Work instructions:
Start at the first line of the listing below. Write out each line exactly, stopping after the one that contains "Les excavacions del".

(Beginning of Supplied data)

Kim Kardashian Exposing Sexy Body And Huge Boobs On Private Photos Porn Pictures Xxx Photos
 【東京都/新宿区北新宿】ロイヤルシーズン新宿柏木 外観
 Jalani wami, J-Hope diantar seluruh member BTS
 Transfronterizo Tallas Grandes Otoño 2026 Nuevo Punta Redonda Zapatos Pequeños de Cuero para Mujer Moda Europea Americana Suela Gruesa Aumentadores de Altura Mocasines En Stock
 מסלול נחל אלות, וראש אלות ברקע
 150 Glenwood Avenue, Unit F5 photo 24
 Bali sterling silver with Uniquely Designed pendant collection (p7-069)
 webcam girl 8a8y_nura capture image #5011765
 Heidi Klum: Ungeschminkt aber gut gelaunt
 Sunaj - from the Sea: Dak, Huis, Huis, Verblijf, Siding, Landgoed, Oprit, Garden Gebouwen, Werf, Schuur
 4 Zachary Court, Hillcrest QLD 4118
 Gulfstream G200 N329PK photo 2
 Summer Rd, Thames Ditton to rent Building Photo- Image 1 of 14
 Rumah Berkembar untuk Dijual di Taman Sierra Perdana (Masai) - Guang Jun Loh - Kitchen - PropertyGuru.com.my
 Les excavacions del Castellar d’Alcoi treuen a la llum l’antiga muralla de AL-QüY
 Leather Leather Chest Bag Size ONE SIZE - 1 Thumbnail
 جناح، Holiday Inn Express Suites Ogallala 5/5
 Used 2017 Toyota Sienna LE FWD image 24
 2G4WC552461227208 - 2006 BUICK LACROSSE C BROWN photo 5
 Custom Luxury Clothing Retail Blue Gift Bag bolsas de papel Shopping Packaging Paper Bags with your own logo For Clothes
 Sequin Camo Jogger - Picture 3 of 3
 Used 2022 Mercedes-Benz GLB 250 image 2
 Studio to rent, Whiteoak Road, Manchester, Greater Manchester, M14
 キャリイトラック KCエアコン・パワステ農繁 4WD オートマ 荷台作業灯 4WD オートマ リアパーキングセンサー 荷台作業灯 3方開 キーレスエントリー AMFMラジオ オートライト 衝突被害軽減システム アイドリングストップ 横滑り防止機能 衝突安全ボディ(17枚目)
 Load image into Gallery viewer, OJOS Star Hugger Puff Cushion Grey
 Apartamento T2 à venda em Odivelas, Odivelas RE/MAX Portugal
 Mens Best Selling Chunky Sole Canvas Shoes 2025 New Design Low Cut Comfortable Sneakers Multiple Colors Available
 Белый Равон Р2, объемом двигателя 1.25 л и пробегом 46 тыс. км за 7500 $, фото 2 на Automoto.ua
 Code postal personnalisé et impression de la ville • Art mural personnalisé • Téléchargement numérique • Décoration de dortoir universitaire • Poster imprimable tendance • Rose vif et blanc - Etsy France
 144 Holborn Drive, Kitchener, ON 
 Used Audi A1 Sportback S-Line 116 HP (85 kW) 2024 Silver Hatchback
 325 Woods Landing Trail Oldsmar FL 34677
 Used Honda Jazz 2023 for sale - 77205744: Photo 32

(End of Supplied data)

Result:
Kim Kardashian Exposing Sexy Body And Huge Boobs On Private Photos Porn Pictures Xxx Photos
 【東京都/新宿区北新宿】ロイヤルシーズン新宿柏木 外観
 Jalani wami, J-Hope diantar seluruh member BTS
 Transfronterizo Tallas Grandes Otoño 2026 Nuevo Punta Redonda Zapatos Pequeños de Cuero para Mujer Moda Europea Americana Suela Gruesa Aumentadores de Altura Mocasines En Stock
 מסלול נחל אלות, וראש אלות ברקע
 150 Glenwood Avenue, Unit F5 photo 24
 Bali sterling silver with Uniquely Designed pendant collection (p7-069)
 webcam girl 8a8y_nura capture image #5011765
 Heidi Klum: Ungeschminkt aber gut gelaunt
 Sunaj - from the Sea: Dak, Huis, Huis, Verblijf, Siding, Landgoed, Oprit, Garden Gebouwen, Werf, Schuur
 4 Zachary Court, Hillcrest QLD 4118
 Gulfstream G200 N329PK photo 2
 Summer Rd, Thames Ditton to rent Building Photo- Image 1 of 14
 Rumah Berkembar untuk Dijual di Taman Sierra Perdana (Masai) - Guang Jun Loh - Kitchen - PropertyGuru.com.my
 Les excavacions del Castellar d’Alcoi treuen a la llum l’antiga muralla de AL-QüY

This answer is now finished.